Turning unhappy customers into brand ambassadors

When dealing with customer complaints, great customer service can help turn disgruntled punters into brand ambassadors for your business

Turning unhappy customers into brand ambassadors

Picture the scene: an email is forwarded your way and someone isn’t happy. A customer order has gone wrong, a delivery has been missed, a life hasn’t worked out as planned and they blame you. So what to do? Add it to your ‘to do list’, forward it for someone else to take care of, ignore it or reply to the customer and explain precisely why it isn’t your fault? In fact, none of the above are good ideas. The best thing to do is to rejoice; you’ve just been granted a golden opportunity to turn fury into free advertising. 

Angry customers have lost hope, they think your company has taken their money for granted, so it’s time to flip their expectations upside-down and watch them tell the world how nice you were. “A lot of research shows that if you deal with a complaint respectfully, people are very grateful and tend to tell others,” says Phil Anderson, a director of Ashridge Business School who has spent years studying customer service.
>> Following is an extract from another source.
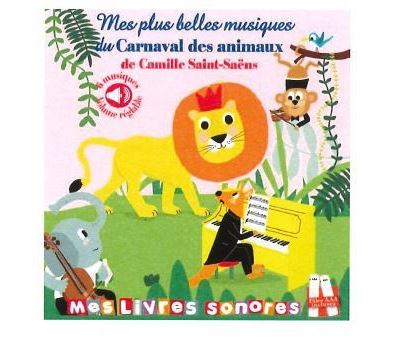 Mes plus belles musiques du Carnaval des animaux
However, he points out that great customer service is an investment of both time and money. “It can take time to turn a problem into an opportunity,” he warns.

Anderson says that businesses, such as hotelier Ritz Carlton or the Swedish bank Handelsbanken, both demonstrate excellent customer service, but achieve it through very different means; The Ritz holds regular meetings with staff working on customer service basics and ensuring everyone knows who the VIPs are. Anderson says there’s a considerable amount of discipline in its approach. Meanwhile Handelsbanken is far more decentralised and personalised, yet its customer satisfaction levels are ‘extraordinary’. 
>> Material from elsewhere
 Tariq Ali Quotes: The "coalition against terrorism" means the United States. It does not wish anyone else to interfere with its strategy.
But what both organisations have in common is they enable staff to deal with problems as they arise, Anderson explains. This means giving the customer service team a discretionary budget and allowing them to spend it without talking to a supervisor. The hotelier can therefore provide free drinks, meals or rooms when a guest has become unhappy, or the bank can rapidly authorise an advance before a customer has time to get upset or embarrassed. “It’s been described as freedom within a gilded cage, so there might be an upper limit on the amount that can be spent on a customer complaint. There are boundaries but staff are free to operate within them,” Anderson says.
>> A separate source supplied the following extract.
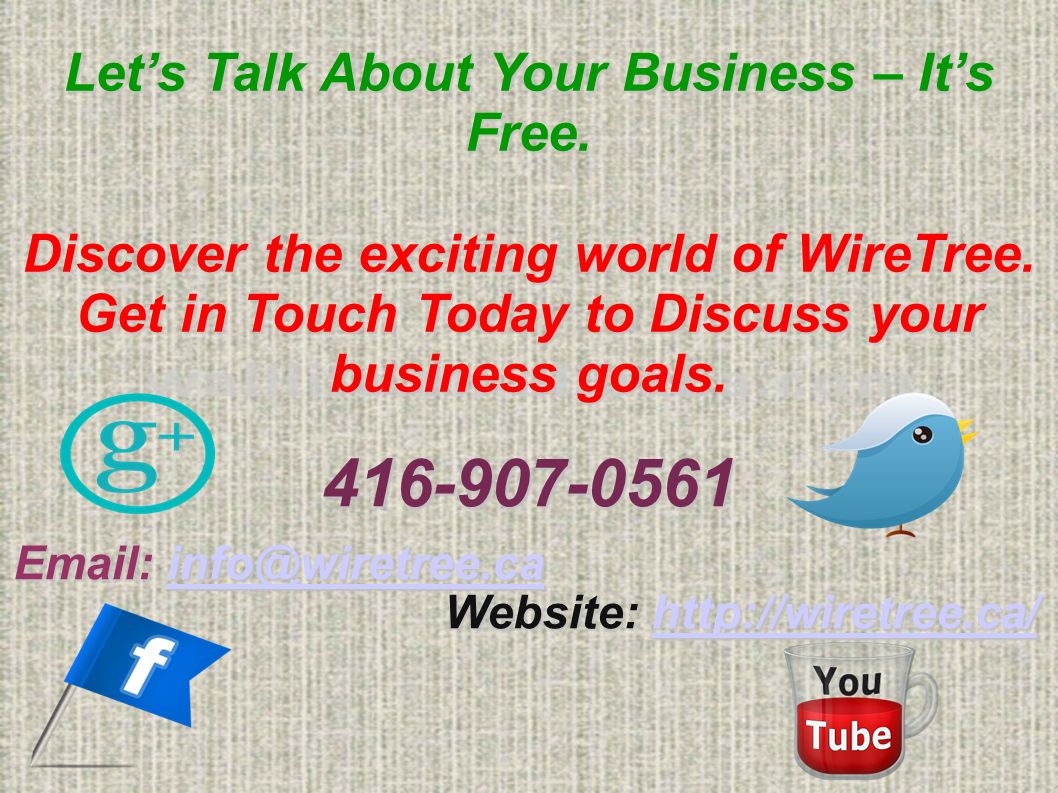 Let’s Talk About Your Business – It’s Free. Discover the exciting world of WireTree.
Businesses are occasionally perceived as being remote and incapable of dealing with people on a human level. All too often, they restrict the abilities of their frontline staff and won’t allow them to tackle problems. Call centre employees are often expected to deal with a set amount of calls per day, rather than focusing on the quality of the service. Anderson says Handelsbanken removes as many barriers as possible and provides direct lines for customers to their account managers.   

“Handelsbanken has a very decentralised approach, but its customer service satisfaction levels are extraordinary. Customers are given the personal mobile number of their account manager and can call them day or night. This surprises many people, but apparently they get very few calls and when they do so it is really urgent,” he says. 

There is little doubt that the rise of the internet and social media has changed both the nature and the importance of customer service. Customers have become empowered by online tools and for some businesses this has been hard to deal with. An angry customer can now broadcast their grievances to the world and attract others to their cause who might also want to punish the company involved. Peter Mulhmann, the CEO of reviews company Trustpilot, advocates a direct and open response when dealing with complaints or criticism. “Modern web habits have dramatically altered the way businesses interact with consumers. At times these tools can leave businesses open to criticism and bad reviews, but we’ve seen companies turn these complainants into customers time and again.”

Mulhmann suggests that some complainants are worth more time than others and that some people will just try their luck. However, many just feel frustrated because no-one is listening to their concerns. “If the complaint is unnecessarily rude or wildly inaccurate, then it really comes down to each business’s own principles for managing this type of issue. However, if the complaint is critical but it’s also clear the customer feels hard done by, then we’d recommend engaging with that person and working to both turn around their experience and make it clear to other customers that this will not happen again.”

Mulhmann also believes that rapidly offering a customer compensation for inconvenience can work wonders; it will salve their grievances and increase the chances of repeat business. 

“For example, if a delivery was late then work out what happened, apologise and offer the customer something a little extra. This leaves the customer with a feeling that their views are listened to and that it was a genuine mistake that will not be repeated. Not only that, but that customer is now incentivised to become a return customer. And we all know how valuable a return customer is compared with the cost of attracting a new one.”

Businesses often over-complicate things when providing customer service. In fact good service is not about asking customers to fill in excessive forms, or employing complex algorithms. For many businesses such things can distract a business from what’s most important; people pay money because they want the product. As Anderson says: “The worst mistake is to not deliver on your promises. A lot of businesses go to great lengths to create a customer service experience when all their customers want is what they paid for.”